In the data, find the word "Image" and copy out every line that has it.

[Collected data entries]
####
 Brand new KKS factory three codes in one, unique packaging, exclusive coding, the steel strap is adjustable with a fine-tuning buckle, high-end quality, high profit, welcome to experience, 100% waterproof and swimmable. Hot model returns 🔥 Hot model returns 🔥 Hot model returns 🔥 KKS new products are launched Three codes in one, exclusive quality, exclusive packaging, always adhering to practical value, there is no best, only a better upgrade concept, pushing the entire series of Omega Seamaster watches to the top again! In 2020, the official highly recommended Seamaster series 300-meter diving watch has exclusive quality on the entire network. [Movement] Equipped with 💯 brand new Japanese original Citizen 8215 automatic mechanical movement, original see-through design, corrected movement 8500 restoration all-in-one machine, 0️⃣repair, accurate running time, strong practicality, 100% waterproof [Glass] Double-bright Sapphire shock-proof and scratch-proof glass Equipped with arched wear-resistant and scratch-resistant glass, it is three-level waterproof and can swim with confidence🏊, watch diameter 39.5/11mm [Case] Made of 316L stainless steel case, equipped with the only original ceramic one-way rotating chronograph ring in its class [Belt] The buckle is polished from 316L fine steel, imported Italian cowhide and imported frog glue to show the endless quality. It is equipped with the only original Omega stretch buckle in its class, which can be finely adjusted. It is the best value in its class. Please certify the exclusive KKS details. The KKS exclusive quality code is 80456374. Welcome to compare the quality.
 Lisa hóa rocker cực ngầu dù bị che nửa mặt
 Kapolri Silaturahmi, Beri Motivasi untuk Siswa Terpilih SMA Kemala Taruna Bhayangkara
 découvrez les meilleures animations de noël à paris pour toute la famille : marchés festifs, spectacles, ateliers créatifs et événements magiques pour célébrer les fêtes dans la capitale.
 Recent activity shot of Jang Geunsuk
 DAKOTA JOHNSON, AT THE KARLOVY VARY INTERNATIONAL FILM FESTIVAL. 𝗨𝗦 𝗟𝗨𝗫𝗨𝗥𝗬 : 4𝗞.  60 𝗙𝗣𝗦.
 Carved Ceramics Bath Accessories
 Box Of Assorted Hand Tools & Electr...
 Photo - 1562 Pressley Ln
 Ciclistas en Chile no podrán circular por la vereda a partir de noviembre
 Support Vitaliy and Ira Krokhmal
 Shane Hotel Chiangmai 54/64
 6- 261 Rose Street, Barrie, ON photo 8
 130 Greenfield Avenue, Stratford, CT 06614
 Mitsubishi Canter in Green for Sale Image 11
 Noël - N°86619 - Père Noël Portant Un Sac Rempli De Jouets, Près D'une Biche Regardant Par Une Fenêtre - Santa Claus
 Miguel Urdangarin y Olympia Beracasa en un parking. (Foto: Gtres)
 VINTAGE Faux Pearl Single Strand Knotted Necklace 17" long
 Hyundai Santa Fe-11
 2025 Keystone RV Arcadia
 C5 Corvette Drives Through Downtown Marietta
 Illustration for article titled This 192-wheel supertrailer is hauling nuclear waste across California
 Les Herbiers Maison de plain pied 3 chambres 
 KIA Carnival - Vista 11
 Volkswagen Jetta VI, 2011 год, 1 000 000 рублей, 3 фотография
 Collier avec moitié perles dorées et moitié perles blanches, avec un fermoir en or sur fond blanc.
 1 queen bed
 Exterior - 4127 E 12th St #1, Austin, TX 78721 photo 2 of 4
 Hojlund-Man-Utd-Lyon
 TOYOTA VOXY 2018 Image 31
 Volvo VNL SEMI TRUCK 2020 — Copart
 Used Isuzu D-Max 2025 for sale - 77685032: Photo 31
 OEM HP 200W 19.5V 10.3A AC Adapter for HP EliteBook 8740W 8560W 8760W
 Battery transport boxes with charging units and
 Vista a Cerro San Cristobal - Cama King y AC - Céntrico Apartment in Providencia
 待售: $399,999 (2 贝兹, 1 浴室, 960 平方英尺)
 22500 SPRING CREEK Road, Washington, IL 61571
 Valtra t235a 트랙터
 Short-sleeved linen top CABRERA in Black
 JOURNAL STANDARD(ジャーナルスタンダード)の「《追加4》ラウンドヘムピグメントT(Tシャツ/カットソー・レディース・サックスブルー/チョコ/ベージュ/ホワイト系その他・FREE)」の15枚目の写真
####
## Result for this exercise
 Mitsubishi Canter in Green for Sale Image 11
 TOYOTA VOXY 2018 Image 31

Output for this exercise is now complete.